The new Mdina Master Trust Retirement Scheme, as TMF calls its new product – after Mdina, an ancient walled city located in the highlands of Malta's interior – offers US permanent residents and citizens employed by a company outside of the US "a truly tax-efficient retirement plan", TMF said in a statement.
The company said that its new Mdina Master Trust is recognised by the US federal taxation system, which few if any other products currently on the market are.
“The U.S. federal taxation system does not favour participation in most foreign pension plans, and the IRS generally views these plans, including [those designated as] 'qualified” under local tax rules, as 'nonqualified' under U.S. tax rules," Bethell Codrington, global head of international pensions at TMF Group (pictured left), said.
"[But] the Mdina Master Trust Retirement Scheme is specifically designed on a ‘post tax contributions, exempt accrual and exempt on payment’ (TEE) basis, directly tackling this issue.”

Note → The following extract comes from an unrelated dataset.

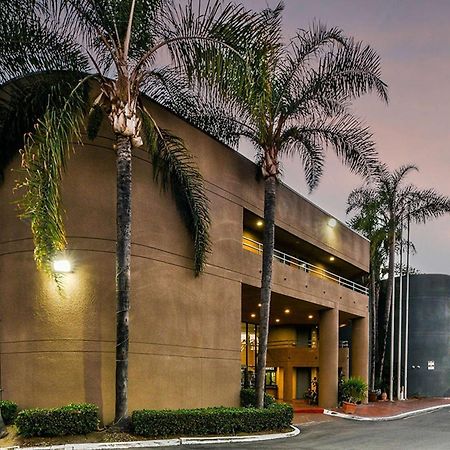 Travelodge By Wyndham Commerce Los Angeles Area Екстериор снимка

TMF Group's regional director for North America Jason Gerlis added that U.S. permanent residents and citizens currently face "a challenging time when participating in retirement benefit plans outside of the U.S," but "with the launch of our Mdina scheme, we’re able to provide an alternative that tackles the issues US expats are facing.”
In its statement announcing the new retirement product, TMF said that it had chosen to set it up in Malta not only because of the company's existing infrastructure there, but because it is "the only country with a very specific double tax Tteaty with the U.S.," in addition to having in force "specific legislation governing pensions."

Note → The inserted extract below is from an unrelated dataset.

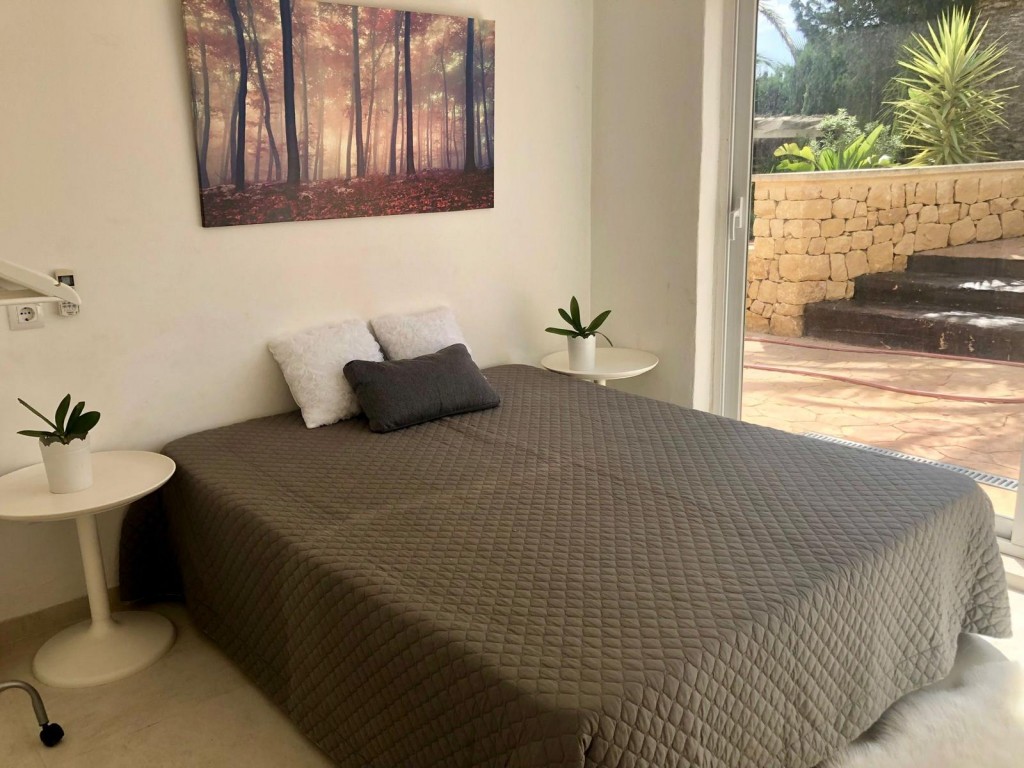 5 Bed, 3 Bath, HouseFor Sale, La Nucia, Alicante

It also noted that the new Mdina Master Trust was an entirely TMF product, and that third party contractors had not been involved in its development.
Acquisiton by private equity giant
TMF's announcement of its new retirement product for U.S. expatriates comes a little less than a year after the company was acquired, in October 2017, by CVC Capital Partners, one of the world's largest private equity groups, for a total of €1.75bn.

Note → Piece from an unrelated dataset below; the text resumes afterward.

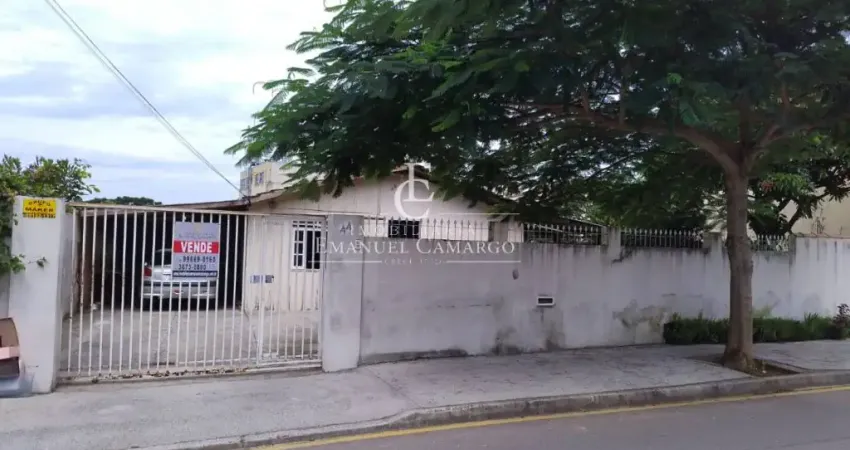 Casa à venda na Rua Austrália, Centro, Pinhais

In a statement announcing the acquisition last year, TMF said the private equity backing would allow it to "capitalise on significant future growth opportunities that exist in its markets as it scales its global platform, adds new clients and services, and continues to attract...the [best] talent."
CVC acquired the business from DH Private Equity Partners, which itself bought TMF in 2008.
The acquisition also put an end to TMF Group's previous plans to list its shares on the London Stock Exchange.
TMF currently operates out of some 125 offices in 83 jurisdictions, from which it provides compliance and administrative services to more than 15,000 clients.
The TMF International Pensions arm of the TMF Group, which is run by Codrington, became a wholly-owned TMF Group subsidiary in 2016, after Custom House Global Fund Services Ltd, a Malta-based, international fund services company, ended a relationship whereby it helped TMF to run its pensions business, as a Malta-regulated corporate trustee.